How about YES and the cablevision saga!!!


----------



## keithb (Apr 17, 2002)

Many years ago the cameras panned to a guy with his head tilted, half asleep and the drool dripping from his mouth, it was a classic! Bob Ueker was the color guy if I remeber correctly.


----------



## Mike (Apr 10, 2002)

I always remember Don Mattingly eating popcorn from a kid in the stands. 

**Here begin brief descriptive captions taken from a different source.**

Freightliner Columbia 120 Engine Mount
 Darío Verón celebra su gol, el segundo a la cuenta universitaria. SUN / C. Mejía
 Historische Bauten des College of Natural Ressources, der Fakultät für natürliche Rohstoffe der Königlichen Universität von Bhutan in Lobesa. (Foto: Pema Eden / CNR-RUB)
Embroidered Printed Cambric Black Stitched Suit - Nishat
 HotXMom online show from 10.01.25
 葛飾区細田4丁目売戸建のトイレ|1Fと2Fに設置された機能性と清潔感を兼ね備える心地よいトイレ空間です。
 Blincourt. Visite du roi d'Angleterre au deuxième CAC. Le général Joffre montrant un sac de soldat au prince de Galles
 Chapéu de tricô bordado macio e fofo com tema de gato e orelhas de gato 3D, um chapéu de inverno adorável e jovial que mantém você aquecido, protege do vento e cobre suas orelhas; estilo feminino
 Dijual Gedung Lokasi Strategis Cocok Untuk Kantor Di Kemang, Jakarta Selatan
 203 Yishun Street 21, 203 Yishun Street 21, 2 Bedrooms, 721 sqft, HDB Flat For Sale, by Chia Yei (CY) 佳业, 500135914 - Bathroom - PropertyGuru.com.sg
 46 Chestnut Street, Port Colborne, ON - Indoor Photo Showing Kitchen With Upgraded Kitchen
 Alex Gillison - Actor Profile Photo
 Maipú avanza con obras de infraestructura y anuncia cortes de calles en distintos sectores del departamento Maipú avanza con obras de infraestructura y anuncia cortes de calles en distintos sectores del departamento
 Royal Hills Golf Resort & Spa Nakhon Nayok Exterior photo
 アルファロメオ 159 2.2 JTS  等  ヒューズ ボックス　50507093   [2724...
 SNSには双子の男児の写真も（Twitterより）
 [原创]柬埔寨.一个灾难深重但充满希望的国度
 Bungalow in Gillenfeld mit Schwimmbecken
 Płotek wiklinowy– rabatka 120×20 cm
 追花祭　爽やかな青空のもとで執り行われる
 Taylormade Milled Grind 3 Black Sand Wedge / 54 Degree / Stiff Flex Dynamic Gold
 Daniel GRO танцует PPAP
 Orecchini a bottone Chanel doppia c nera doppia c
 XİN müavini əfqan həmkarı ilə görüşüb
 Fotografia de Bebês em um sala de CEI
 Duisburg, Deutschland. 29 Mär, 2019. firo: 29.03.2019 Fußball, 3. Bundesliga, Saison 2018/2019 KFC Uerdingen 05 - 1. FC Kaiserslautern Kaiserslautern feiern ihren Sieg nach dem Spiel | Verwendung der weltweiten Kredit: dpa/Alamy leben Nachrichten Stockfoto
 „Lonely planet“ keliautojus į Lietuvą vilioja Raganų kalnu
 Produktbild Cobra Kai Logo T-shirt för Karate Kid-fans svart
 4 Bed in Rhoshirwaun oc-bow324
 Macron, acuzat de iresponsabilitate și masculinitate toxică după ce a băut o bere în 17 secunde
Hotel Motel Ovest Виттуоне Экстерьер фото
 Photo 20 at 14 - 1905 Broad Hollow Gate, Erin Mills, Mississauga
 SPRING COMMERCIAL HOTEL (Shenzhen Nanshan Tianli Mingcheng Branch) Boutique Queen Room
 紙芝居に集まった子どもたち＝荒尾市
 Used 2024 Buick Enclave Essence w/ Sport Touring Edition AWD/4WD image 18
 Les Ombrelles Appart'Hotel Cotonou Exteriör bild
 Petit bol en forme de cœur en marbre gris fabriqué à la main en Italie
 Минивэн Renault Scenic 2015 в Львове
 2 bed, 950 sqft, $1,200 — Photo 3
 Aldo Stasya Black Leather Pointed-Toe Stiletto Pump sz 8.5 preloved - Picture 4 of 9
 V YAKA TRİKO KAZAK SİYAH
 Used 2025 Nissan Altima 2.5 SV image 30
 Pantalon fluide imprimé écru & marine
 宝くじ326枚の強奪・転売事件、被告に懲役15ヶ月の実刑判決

Dime-in-a-cup which I used to hear play by fans in Arizona in the 80's at Phoenix Giants games has progressed to dollar-in-a-cup now in 2003 in Tempe.


----------



## BobMurdoch (Apr 24, 2002)

"As a Mets fan, Bill Buckner doing his croquet wicket impersonation is pretty funny in retrospect."

<SMACK!>

"OW!"

< THUMP!>

"Yikes!"

<WHAMMMM!>

"Hey who let the Red Sox fan in????"


----------



## Guest (Mar 29, 2003)

Last year the D'backs were playing in BOB. Luis Gonzales hit a homer into the pool beyond center field. This fan standing at the fence watching the game, turned around and did a great dive into the pool, trying to get the ball, but two kids already in the pool got the ball.
What was hilarious was the camera kept panning to the guy between pitches. He's back at the fence, dripping wet (luckily he was wearing shorts, tshirt and sport shoes)....first time he is tapping his watch seeing if it works, next time he has his cell phone out trying to find out if it still works.


----------



## Guest (Mar 29, 2003)

Baseball players on strike last August....
oh, wait.....you said funniest moments not dumbest.....


----------



## Scott Greczkowski (Mar 21, 2002)

Hey Guest / MLB are you having fun talking to yourself? both are some the same IP address.


----------



## Martyva (Apr 23, 2002)

Dizzy Dean


----------



## John Corn (Mar 21, 2002)

:lol: Boy, some great stories.

kiethb, yours sounds hilarious.......:lol:


----------